You can run some end to end integration tests as part of CI. You might want to 
automatically deploy your product to a test environment as part of this 
process. You may still require additional testing; automated or manual, but the 
implication is I can always build my product and have a clear idea of what's 
"done". This means that I can start testing while I'm still working on other 
features during the iteration. There is very little waiting until the end to 
see if it all works.

I'm not saying there aren't going to be exceptions to this rule. There are some 
things my teams leave "until the end" but in general anything you leave off 
your "done" list to the end is an unknown so represents risk.

Ad


From: [email protected] [mailto:[email protected]] On 
Behalf Of Erick Thompson
Sent: Wednesday, December 22, 2010 3:26 PM
To: [email protected]
Cc: [email protected]
Subject: Re: After the Code is Done - Strategies to Ensure Quality

What about integration testing? TDD and CI help for building solid code, but 
there is also a need to test everything together.

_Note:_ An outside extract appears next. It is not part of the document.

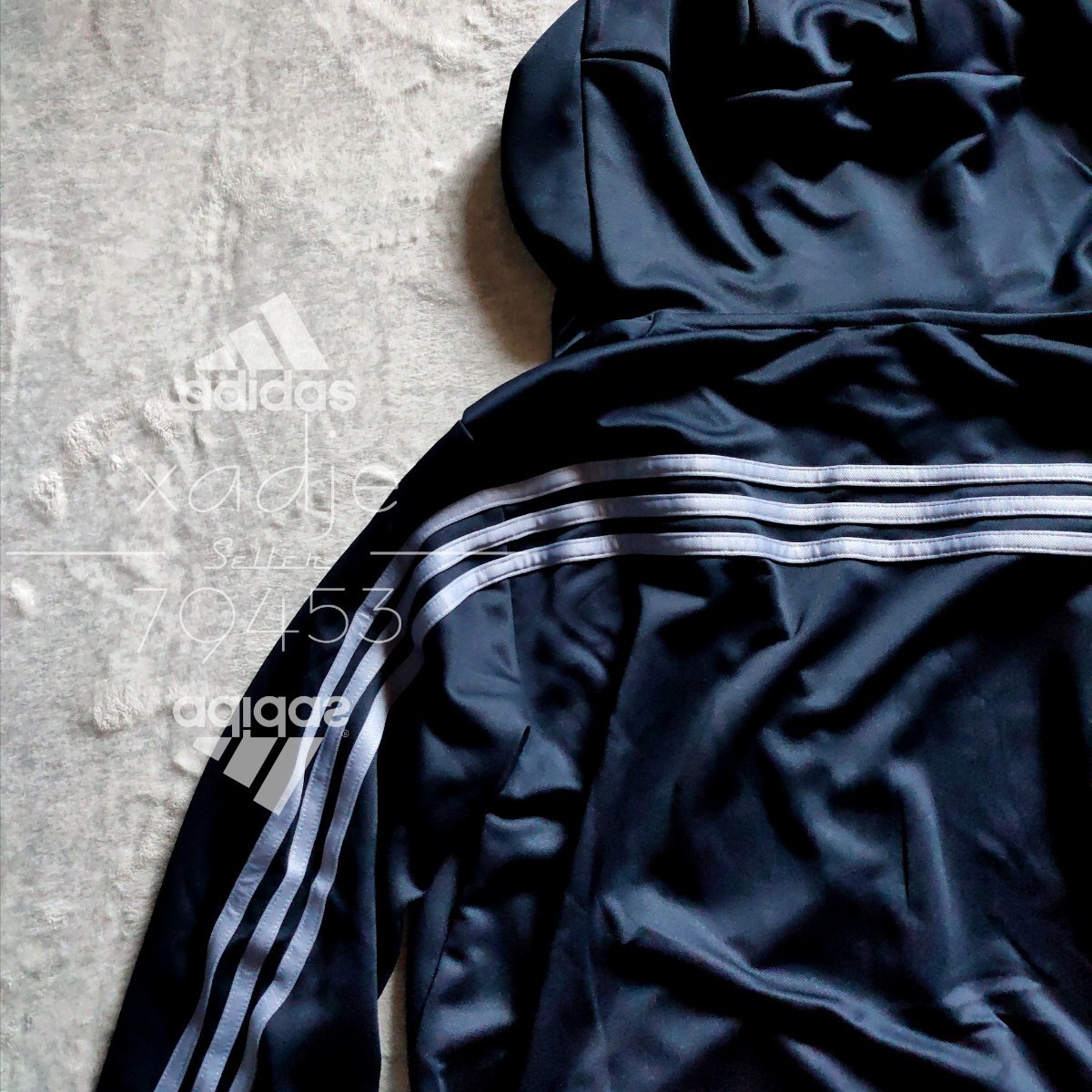 新品 正規品 adidas アディダス 上下セット セットアップ パーカー ジャージ パンツ 紺 ネイビー 三本ライン ロゴ プリント XL_画像2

Perhaps it is UI whitebox 
testing, or some other style if tests that don't tend to get developed in the 
normal course of an iteration.

Erick


Sent from my iPhone

On Dec 22, 2010, at 1:11 PM, Anne Wax 
<[email protected]<mailto:[email protected]>> wrote:
Hi all and thank you.  There's lots to think about here, and I will reread 
later tonight.

I wanted to answer some of your questions and key points.

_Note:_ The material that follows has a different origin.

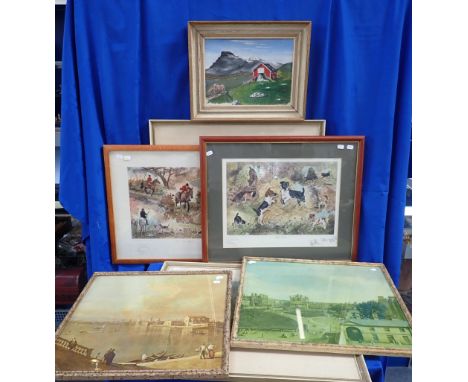 AFTER GILLIAN HARRIS: 'STILL TO BE IN ENGLAND?', A HUNTING PRINT no. 432/850, signed by the artist, another; 'Holy terrors' a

By end of an iteration I meant end of a sprint, the end of finishing a set of  
features to address a business need that takes longer than one sprint, and at 
the point when a version of the software is released for Production use (vs for 
testing/pilot use).  We'll see if these designations open up a whole new can of 
worms regarding what is 'agile' or not 'agile'.

re: the real world and ideal - it is not about giving up, but rather having 
processes that build in the ideal (refactor as you go) and recognize that 
sometimes you have to deliver, and then finish.  For example, on a larger 
project you might have multiple sprints to build a significant piece of 
functionality, but then as you are finishing, you think of a better way to do 
it.  The schedule does not allow the immeidate refactoring, but it is needed.  
Or what about when the installation or training documentation is hard to write 
as you go until the product has been developed.

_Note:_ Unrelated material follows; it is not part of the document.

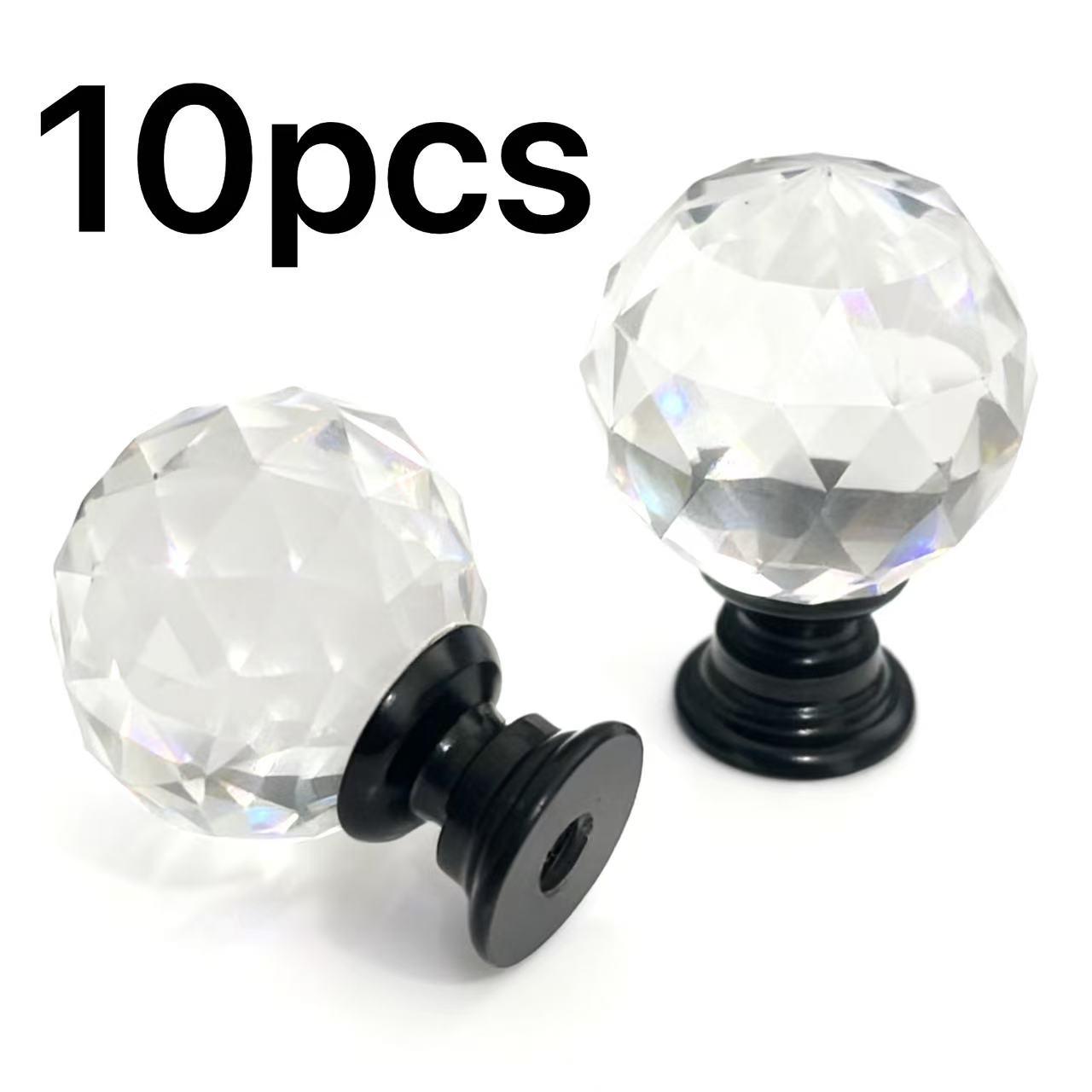 10 Crystal Drawer Knobs, Round Handle Ball Pulls, Suitable for Cabinets, Dressing Tables, Drawers, Kitchen Furniture - Transparent, Door Knob, Door Hardware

I am coming from the perspective of a large enterprise system used by over 20 
customers with set delivery schedules/dates.  Yet we are using many agile tools 
such as scrum, daily builds, teams of testers and developers working together 
on each sprint, unit and web testing, refactoring, etc.  And we are trying to 
do a better job all the time.

Thanks for all your input.  I enjoy these discussions and am often watching the 
conversations.

Anne
On Wed, Dec 22, 2010 at 7:52 AM, Ade Miller 
<[email protected]<mailto:[email protected]>> wrote:

Hum...



So the title of your message concerns me. Don't think in terms of codeing and 
testing, think engineering. Ensuring quality at the end is doomed to failure.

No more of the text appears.